IBM DB2 10.5 with BLU Acceleration also combines a series of innovations developed by IBM’s research and development labs, including In-Memory features. By accelerating the processing of operational and historical data requests, BLU Acceleration helps improve the analytical collection process.
IBM DB2 with BLU Acceleration offers more than just In-Memory features, including relational columnar storage functionality that accelerates analytic processing and a workable compression feature that allows up to ten times less storage space .
This product also implements the SIMD model (Single Instruction Multiple Data) and a technology called “data-skipping” which improves query performance.
Microsoft SQL Server 2014 also offers In-Memory capabilities , providing a memory-optimized database engine integrated with the core SQL Server engine.
For OLTP In-Memory processing, the tables must be defined as being optimized in memory. These tables are fully compliant with the ACID concept and the system accesses them using Transact-SQL in the same way as for disk tables.
Queries and transactions can thus reference and update data in both memory-optimized tables and disk-based tables. SQL Server’s OLTP In-Memory Engine is designed to support multiple simultaneous accesses.

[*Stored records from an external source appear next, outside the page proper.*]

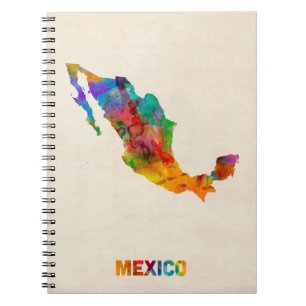 Mexico vattenfärgkarta anteckningsbok med spiral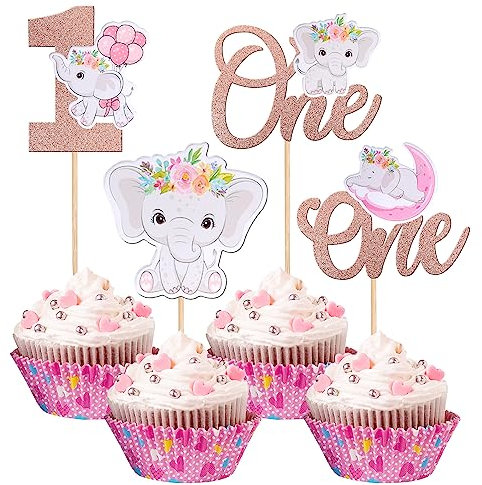 SYKYCTCY 24 Pack Elephant One Cupcake Topper Elephant Aniaml Happy 1st Birthday Cupcke Cupcake Picks for Elephant Kids Boy Girl Baby Shower First Birthday Party Supplies Cake Decorations Supplies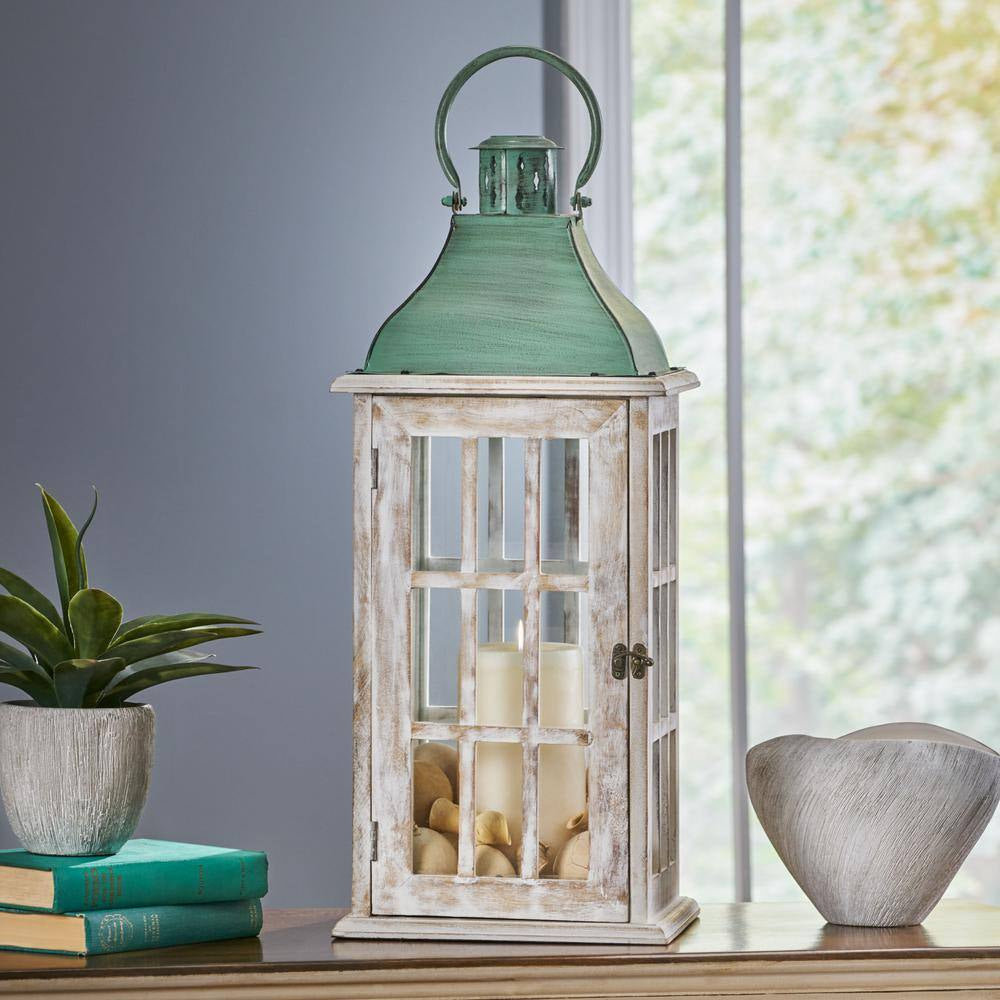 Coastal Handcrafted Mango Wood Decorative Lantern, White Wash/Green Pat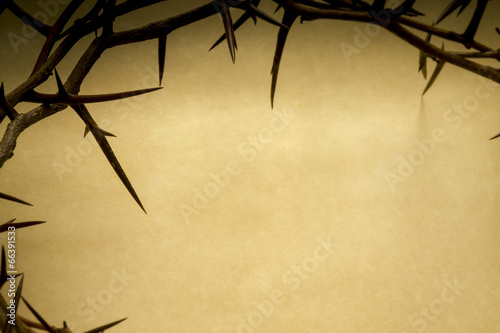 Crown of Thorns on parchment background illustrates Easter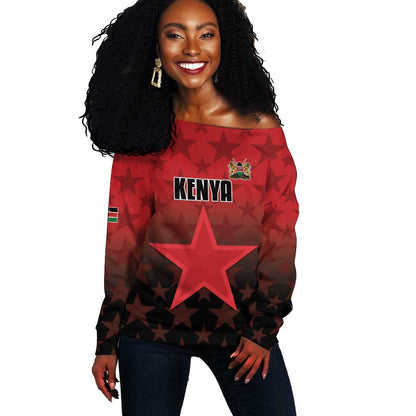 Custom Kenya Football Off Shoulder Sweater Harambee Harambee Stars - Red Jersey - African Pride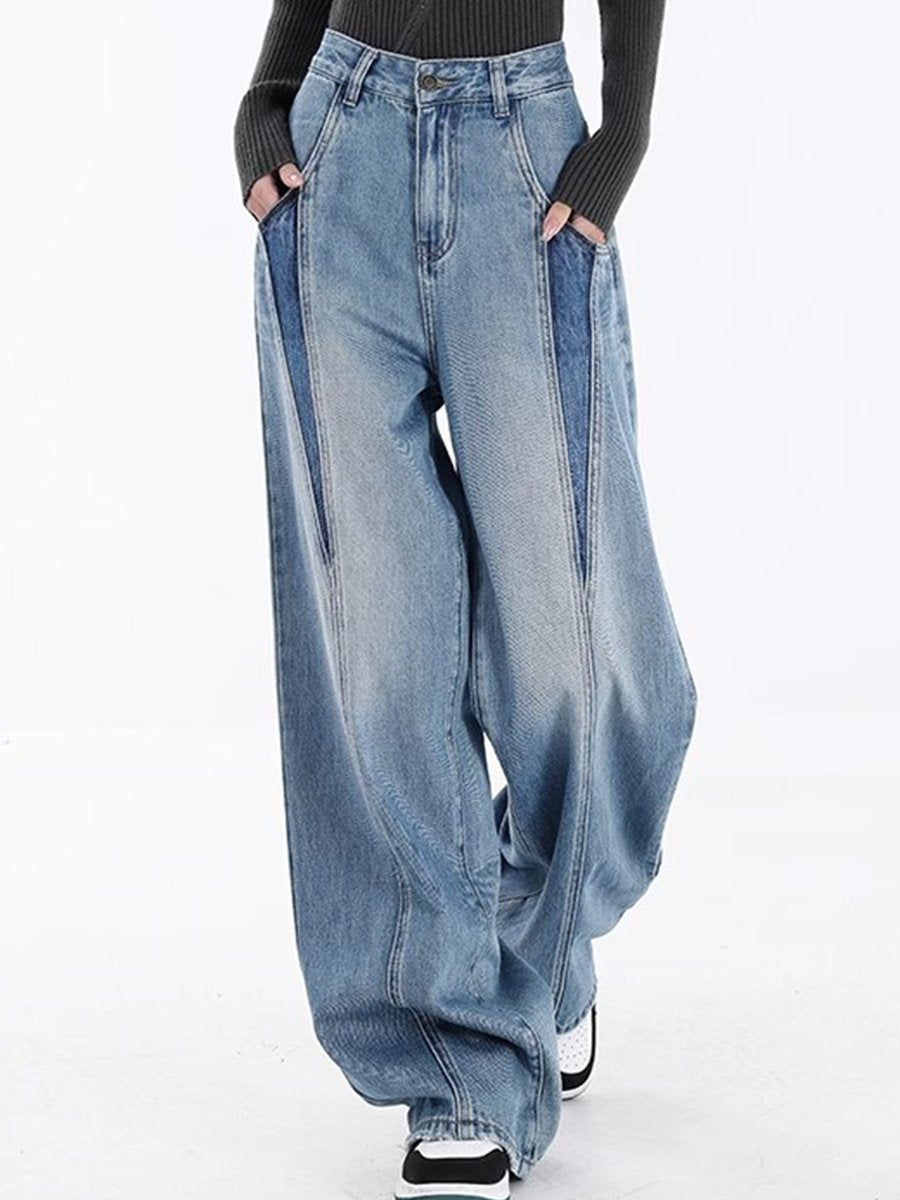 Fashion Retro Loose Stitching Contrast Color Jeans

All relational DBMS vendors claim significant performance gains through the use of their systems’ In-Memory capabilities, ranging from a few percentage points to a multiplication of 20 and up. Of course, the performances obtained vary according to the implementation, the use and other criteria.
In addition to In-Memory DBMS, there are NewSQL database systems that support the latest architectures and combine in-memory functionality, cloud-based database management, and / or highly scalable distribution.
If the definition of a NewSQL DBMS does not answer to absolute rules, one can put in this category NuoDB .
NuoDB is a web-distributed DBMS that offers full SQL implementation and real ACID transactions. It is designed for today’s datacenters, but can also be used as a scale-out database in the cloud.
The DBMS NewSQL are designed without any management operations and features built to older DBMS developed in the 1970s The advantage of these new RDBMS developed in the 21 th century is that they do not have to bother with ‘inherited code and architecture.
Make the right choice
In-memory databases are increasingly being adopted to improve the efficiency of analytical processing.
In many cases, the same In-Memory DBMSs that speed up analytic queries can also improve the speed of operational transactions.
But it is clear that a large number of variables and options come into play when choosing an In-Memory DBMS. For applications that demand high performance, in-memory DBMS is the best choice because it offers fast response times.
However, do not forget to calculate the additional costs, not just in terms of hardware, but for example the costs of supporting a new DBMS and all associated costs.